What to produce:
Working from the records below, return word for word the line that contains "10 Diamond Creek Drive Property Photo 6" and each line after it, ending with the last. Skip all pictures.
START Supplied records
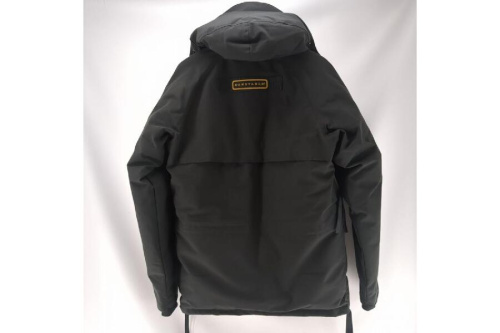 ダウンジャケット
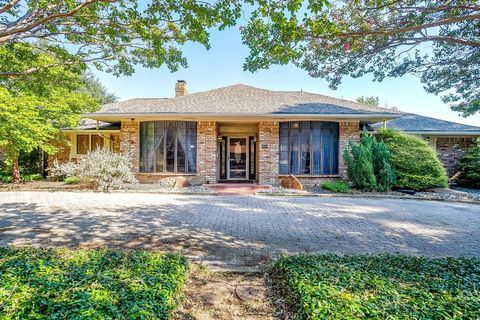 1901 Alexander Drive Waxahachie TX 75165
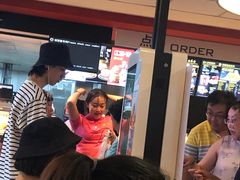 等位区-麦当劳(哈西万达店)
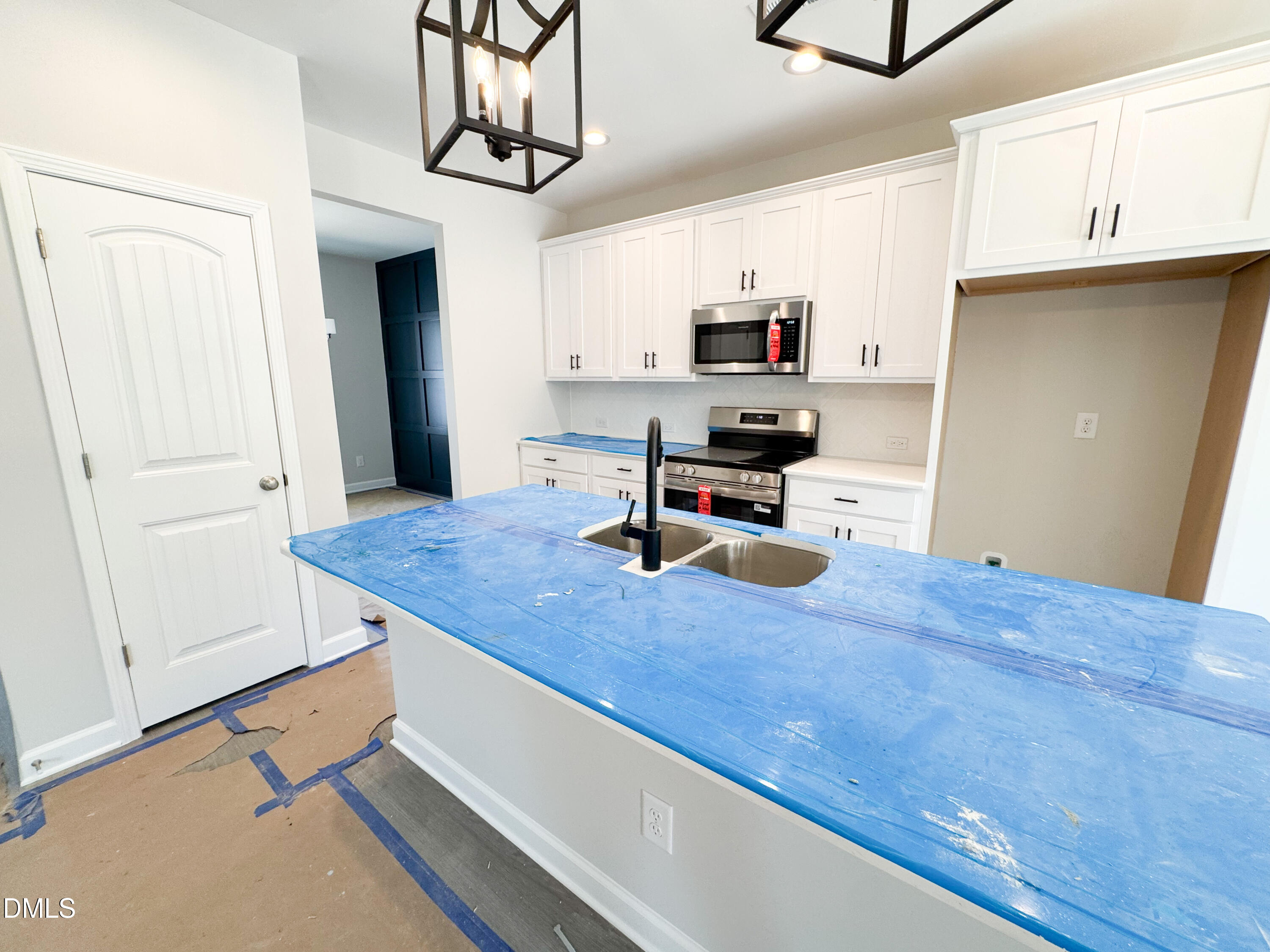 10 Diamond Creek Drive Property Photo 6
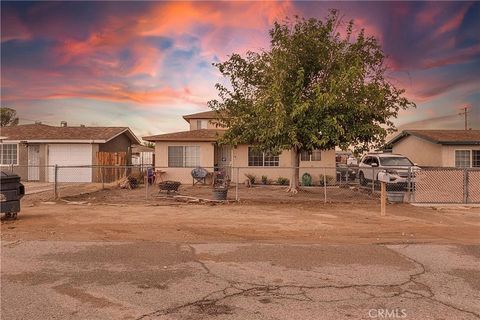 Photo of 34186 Woods Avenue, Barstow, CA 92311 (MLS # CV25273628)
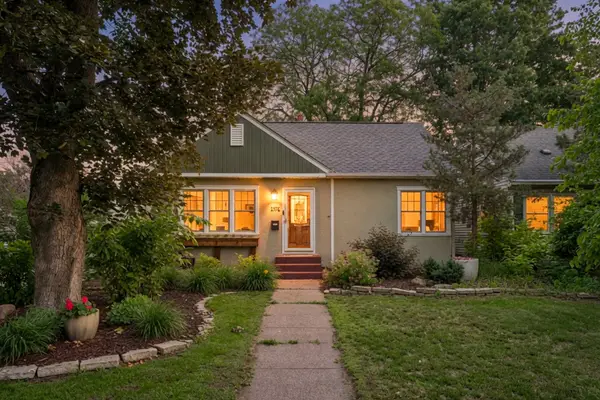 1576 Grotto Street N, Saint Paul, MN 55117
END Supplied records
Solution below:
 10 Diamond Creek Drive Property Photo 6
 Photo of 34186 Woods Avenue, Barstow, CA 92311 (MLS # CV25273628)
 1576 Grotto Street N, Saint Paul, MN 55117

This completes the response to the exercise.